The diagnosis · 7 min read

What is ADTKD-MUC1?

The rare genetic kidney disease John lives with, in plain language. What it is, how it works, why it's not curable, and why a kidney transplant is the only real path forward.

If you searched for John's diagnosis after reading a news story, you probably ran into a wall of acronyms. ADTKD-MUC1. Autosomal Dominant Tubulointerstitial Kidney Disease, MUC1 type. Mucin-1. Tubular interstitium. The medical literature on this disease is dense and most of it is written for nephrologists, not families.

This page is for the rest of us.
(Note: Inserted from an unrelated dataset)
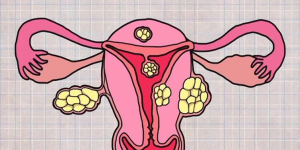 女性患有子宫肌瘤会影响怀孕吗?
The friend who got a text saying "John needs a kidney." The neighbor who wants to understand what's actually happening to him. The would-be donor who needs to know what they'd be giving a kidney for.

Here's what ADTKD-MUC1 actually is, in language that doesn't require a medical degree.

The short version

ADTKD-MUC1 is a rare genetic kidney disease. It causes the kidneys to slowly fail over decades. There is no medication that stops it. There is no cure. The only effective treatment, once kidney function falls far enough, is dialysis or a kidney transplant.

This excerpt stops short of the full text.